Три белых цветка раскрываются на чёрной складке берега, и после каждого через воду приходит долгая мягкая волна звука.
Первый разрыв кажется слишком левым. Желудок успевает провалиться, прежде чем второй встаёт ближе к зубцу, а третий накрывает склон пылью так, что прежняя огневая точка исчезает целиком. Задел ли осколок пулемётчика, скрывает пыль; в коротком промежутке между вторым и третьим он уже молчит.
И тишина с мола.
Не потому что там перестали кричать. Потому что перестал стрелять он.
Сначала я слышу только кровь в ушах и позвякивание гильзы, катящейся к станинной лапе. Потом с мола долетает новый голос — хриплый, злой, теперь командующий: кому-то велит держать выше. За ним снова скребут по камню носилки. Люди там возвращаются к работе раньше, чем дым у нашего ствола успевает разойтись.
В груди на один вдох становится свободнее.
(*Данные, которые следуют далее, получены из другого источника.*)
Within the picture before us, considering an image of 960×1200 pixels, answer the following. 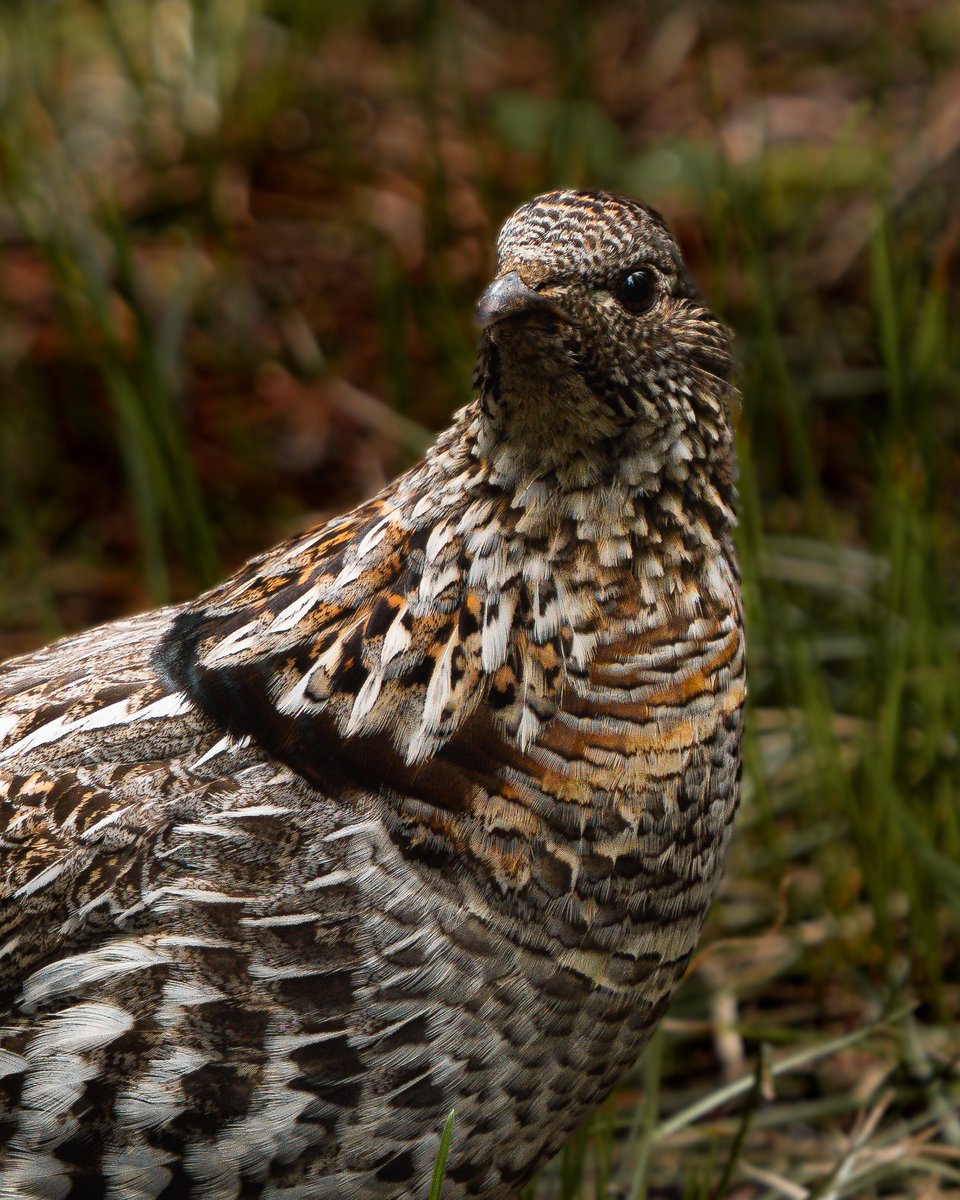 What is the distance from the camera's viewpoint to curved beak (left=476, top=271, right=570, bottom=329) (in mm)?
1932

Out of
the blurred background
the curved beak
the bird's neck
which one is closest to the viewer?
the curved beak

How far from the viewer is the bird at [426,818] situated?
6.66 ft

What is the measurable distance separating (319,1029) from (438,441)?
0.80 meters

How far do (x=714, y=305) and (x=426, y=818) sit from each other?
4.99 ft

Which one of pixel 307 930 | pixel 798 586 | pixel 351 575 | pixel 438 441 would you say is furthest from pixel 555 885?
pixel 798 586

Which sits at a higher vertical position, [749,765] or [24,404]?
[24,404]

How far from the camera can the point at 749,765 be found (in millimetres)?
3061

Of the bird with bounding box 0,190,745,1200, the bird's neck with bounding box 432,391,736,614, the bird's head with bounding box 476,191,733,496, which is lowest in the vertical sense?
the bird with bounding box 0,190,745,1200

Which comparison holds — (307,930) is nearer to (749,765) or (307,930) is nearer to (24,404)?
(749,765)

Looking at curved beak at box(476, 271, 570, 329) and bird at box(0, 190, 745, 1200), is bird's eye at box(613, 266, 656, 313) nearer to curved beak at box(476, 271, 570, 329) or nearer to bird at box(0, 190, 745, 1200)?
bird at box(0, 190, 745, 1200)

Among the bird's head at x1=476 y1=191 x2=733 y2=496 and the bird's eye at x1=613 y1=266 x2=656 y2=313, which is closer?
the bird's head at x1=476 y1=191 x2=733 y2=496

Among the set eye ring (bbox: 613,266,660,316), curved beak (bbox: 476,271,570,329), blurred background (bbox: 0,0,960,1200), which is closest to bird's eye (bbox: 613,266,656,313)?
eye ring (bbox: 613,266,660,316)

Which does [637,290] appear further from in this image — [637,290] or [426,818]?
[426,818]

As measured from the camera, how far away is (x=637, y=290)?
2160 millimetres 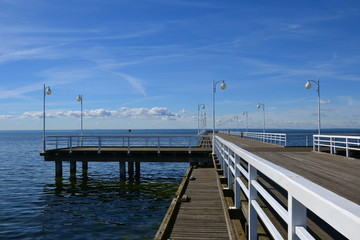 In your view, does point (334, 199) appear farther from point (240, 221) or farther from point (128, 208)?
point (128, 208)

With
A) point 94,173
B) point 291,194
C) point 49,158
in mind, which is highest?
point 291,194

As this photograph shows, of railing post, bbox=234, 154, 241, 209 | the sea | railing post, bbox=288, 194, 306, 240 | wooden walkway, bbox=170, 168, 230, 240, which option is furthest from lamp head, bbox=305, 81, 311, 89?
railing post, bbox=288, 194, 306, 240

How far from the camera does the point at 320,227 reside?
4684 mm

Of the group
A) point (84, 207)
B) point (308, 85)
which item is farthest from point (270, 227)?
point (308, 85)

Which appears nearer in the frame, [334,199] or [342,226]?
[342,226]

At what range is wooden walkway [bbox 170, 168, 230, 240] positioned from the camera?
255 inches

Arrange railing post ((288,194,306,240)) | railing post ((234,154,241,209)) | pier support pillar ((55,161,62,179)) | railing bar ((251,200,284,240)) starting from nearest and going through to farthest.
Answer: railing post ((288,194,306,240)) < railing bar ((251,200,284,240)) < railing post ((234,154,241,209)) < pier support pillar ((55,161,62,179))

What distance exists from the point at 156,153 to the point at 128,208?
7.13m

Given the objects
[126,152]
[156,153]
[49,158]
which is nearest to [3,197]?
[49,158]

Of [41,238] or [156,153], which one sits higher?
[156,153]

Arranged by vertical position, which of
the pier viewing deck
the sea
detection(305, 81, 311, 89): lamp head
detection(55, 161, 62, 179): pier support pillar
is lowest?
the sea

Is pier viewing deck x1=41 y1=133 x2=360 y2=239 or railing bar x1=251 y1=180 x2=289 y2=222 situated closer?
pier viewing deck x1=41 y1=133 x2=360 y2=239

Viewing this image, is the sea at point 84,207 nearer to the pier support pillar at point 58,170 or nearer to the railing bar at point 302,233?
the pier support pillar at point 58,170

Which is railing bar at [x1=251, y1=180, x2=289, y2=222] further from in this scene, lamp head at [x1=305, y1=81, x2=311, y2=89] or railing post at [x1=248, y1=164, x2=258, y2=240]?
lamp head at [x1=305, y1=81, x2=311, y2=89]
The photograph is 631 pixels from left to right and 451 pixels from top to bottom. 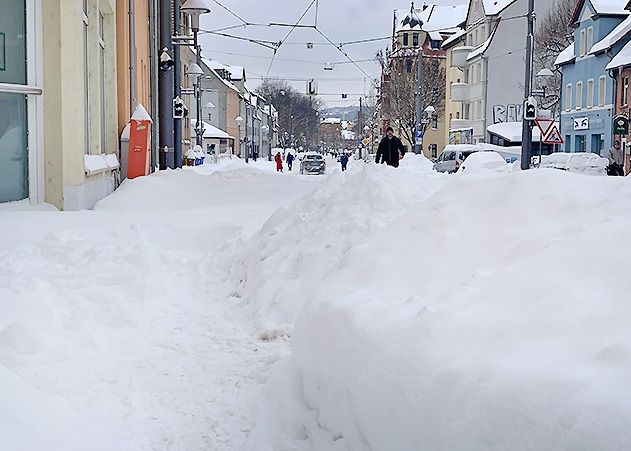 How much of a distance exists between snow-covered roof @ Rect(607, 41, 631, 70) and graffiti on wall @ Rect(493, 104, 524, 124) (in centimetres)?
1698

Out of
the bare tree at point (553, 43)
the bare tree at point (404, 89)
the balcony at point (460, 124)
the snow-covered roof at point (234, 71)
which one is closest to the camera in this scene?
the bare tree at point (553, 43)

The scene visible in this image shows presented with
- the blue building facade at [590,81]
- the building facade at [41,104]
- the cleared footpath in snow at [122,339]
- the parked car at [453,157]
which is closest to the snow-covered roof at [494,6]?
the blue building facade at [590,81]

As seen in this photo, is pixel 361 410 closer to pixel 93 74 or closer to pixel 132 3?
pixel 93 74

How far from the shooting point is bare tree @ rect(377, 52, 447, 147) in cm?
6462

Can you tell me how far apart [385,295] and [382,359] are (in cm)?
69

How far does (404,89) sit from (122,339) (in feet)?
197

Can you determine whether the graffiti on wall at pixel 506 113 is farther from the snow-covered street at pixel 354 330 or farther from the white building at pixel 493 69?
the snow-covered street at pixel 354 330

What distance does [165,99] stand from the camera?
22.8 m

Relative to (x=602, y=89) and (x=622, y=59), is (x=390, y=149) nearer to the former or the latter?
(x=622, y=59)

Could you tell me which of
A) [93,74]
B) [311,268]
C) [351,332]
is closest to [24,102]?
[93,74]

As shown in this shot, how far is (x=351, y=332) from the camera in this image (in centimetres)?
389

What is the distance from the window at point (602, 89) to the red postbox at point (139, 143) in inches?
1176

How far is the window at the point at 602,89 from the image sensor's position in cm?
4156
Я втягиваю этот воздух до конца и тут же боюсь, что поспешил.
Ковтун вскидывает на меня брови и беззвучно шевелит губами: ушёл?
— Замолчал.
Развожу эти два слова руками, ставя их по разные стороны от себя: вот «ушёл», а вот «замолчал». Ковтун опускает подбородок обратно на скрещённые кисти и больше не спрашивает, но локти под себя не подбирает — так и лежит, готовый.
Место под зубцом я держу глазом, не отпуская ни на секунду, и жду.
Ждём мы долго. Ковтун успевает переменить позу, Дудка — опустить патрон от груди на колено, а Пантелеев отходит от прицела на полшага и снова достаёт коробок, но не открывает, а только держит в горсти. За кормой слышно, как принимают шлюпку: дерево трётся о железо, снизу требуют не тянуть, пока не подложат под спину, сверху отвечают, что держат. Обычные звуки работы, которых всю последнюю минуту не было.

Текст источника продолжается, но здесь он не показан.